Memory leaks 101: Objects anchored by event generators

 

This problem actually comes up pretty often so I thought I'd write a little article about it, and a couple of approaches to solving it. 

Basically any time you take an object "Your Object" whose life you want the GC to manage and then create a reference to it from a long lived object you’ve “anchored” the thing and now it will never go away unless you take special steps to do so. The most common case where this happens is where Your Object registers for events from some global event generator that never goes away. Now Your Object won’t go away and neither will anything that it references.

There are basically two ways to fix this, both of which are about detaching your object from that anchor: 

The first approach is to make Your Object IDisposable. This works well if it has a well understood lifetime, such as a window class. When the window is (e.g.) closed the Dispose method unregisters the object from its various event sources and the whole thing goes away. This is a bit of a chore but it involves the least amount of additional object overhead. Since these leaks are easy to find (they jump right off the page using the usual techniques) you just target them for eradication and systematically fix all the window types until you don’t have a problem.  Note there are often other cleanups that you want to do when a window is closed because such things often correspond to mass object extinctions.

The second approach is to create some indirections. This has the advantage that it’s automatic but it has the disadvantage of adding some complexity and non-determinism to the picture. Basically you create this picture

Event Source ----> Courier Object ----> Weak Reference ----> Your Object

Now the way this is works is that instead of registering your own object for the event, you make some kind of courier. Your Object can now go away as is normal, because the Weak Reference isn’t really holding on to it. When that happens you’ll have a dangling Courier Object. The courier in turn removes itself as a listener when it notices that the Weak Reference it is holding on to can no longer be resolved and is therefore moot.

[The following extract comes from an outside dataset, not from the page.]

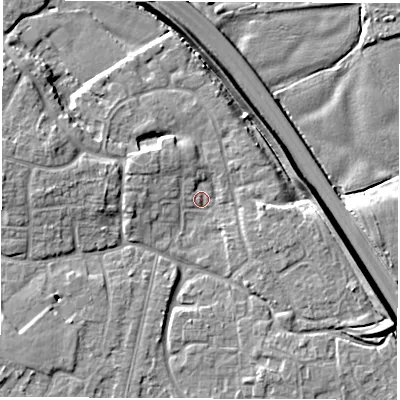 Shaded relief map of the ground around DE240QG, computed from Environment Agency LiDAR. The ground here sits at about 41 m above sea level and falls 8 m across the surrounding 800 m. Surface water reaching this point runs off ground lying to the east-south-east, 6.1 m higher.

This forces you to have one Courier per object per event source. You can generalize this so that the Courier is in fact a broadcaster of sorts, which would then give you one courier per event source and you register with the courier. That’s basically the weak (broadcasting) delegate pattern.

Now as for limitations, well there are none per se but none of this stuff is free. In the second approach you allocate more memory, make more work for the collector, force more objects into generation 2 and so forth. My preference would be the first method if it is at all practical.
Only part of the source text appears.